Copy the data that follows exactly as it is, excluding all pictures.

━━ DATA IN THIS EXERCISE ━━

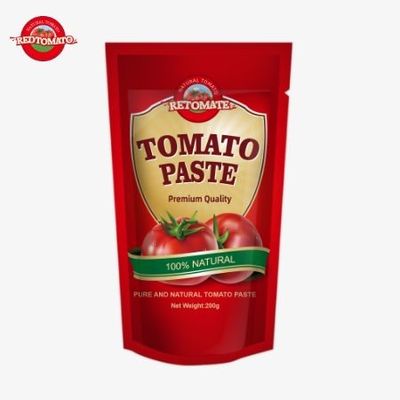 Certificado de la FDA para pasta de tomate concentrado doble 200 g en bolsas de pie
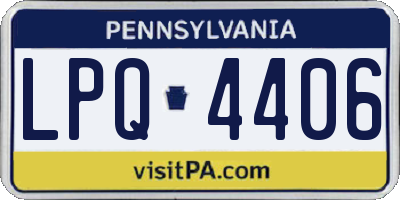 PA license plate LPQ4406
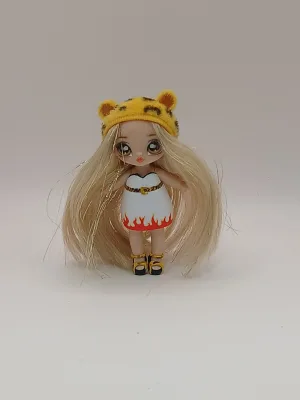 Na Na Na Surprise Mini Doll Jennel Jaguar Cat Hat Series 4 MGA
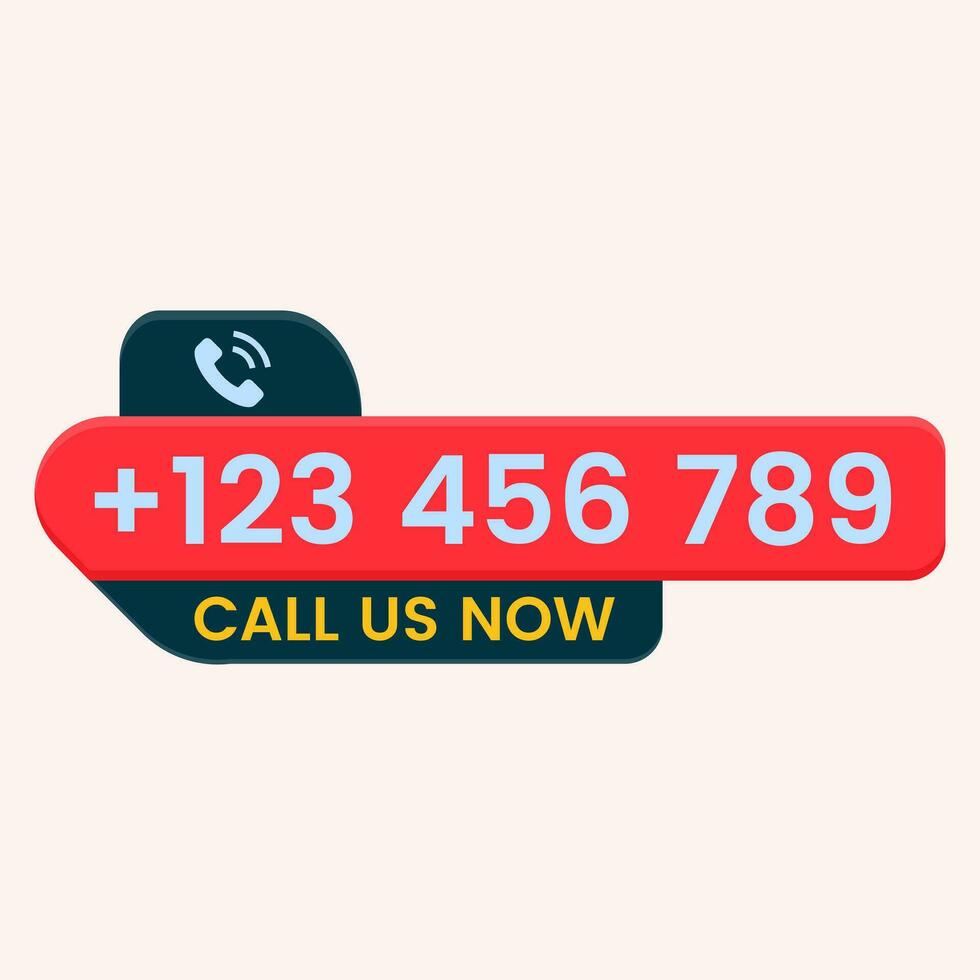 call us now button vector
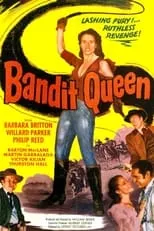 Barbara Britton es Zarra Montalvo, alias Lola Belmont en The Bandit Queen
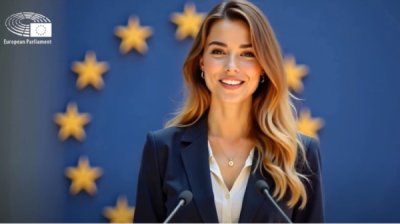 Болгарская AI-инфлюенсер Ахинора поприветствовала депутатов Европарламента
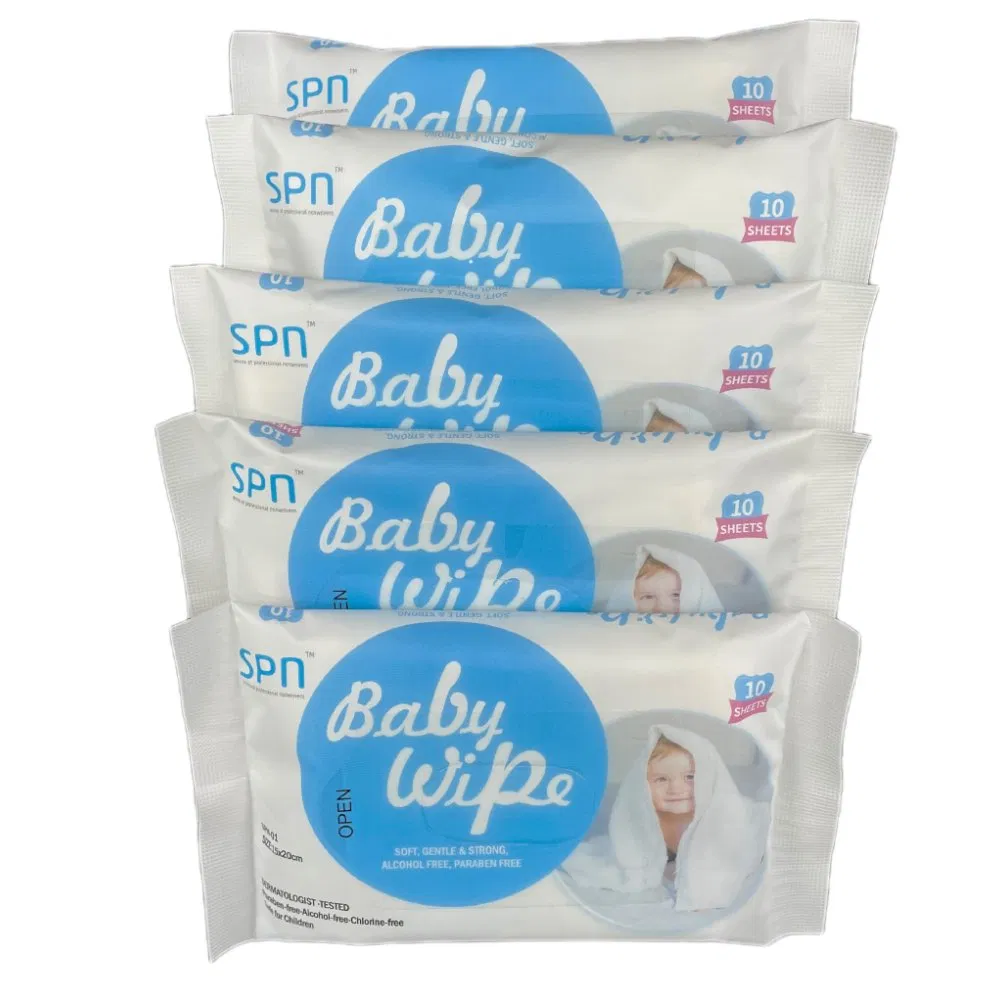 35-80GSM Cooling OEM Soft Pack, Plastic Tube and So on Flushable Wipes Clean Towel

━━━

**RESULT FOR THIS TASK:**
 Certificado de la FDA para pasta de tomate concentrado doble 200 g en bolsas de pie
 PA license plate LPQ4406
 Na Na Na Surprise Mini Doll Jennel Jaguar Cat Hat Series 4 MGA
 call us now button vector
 Barbara Britton es Zarra Montalvo, alias Lola Belmont en The Bandit Queen
 Болгарская AI-инфлюенсер Ахинора поприветствовала депутатов Европарламента
 35-80GSM Cooling OEM Soft Pack, Plastic Tube and So on Flushable Wipes Clean Towel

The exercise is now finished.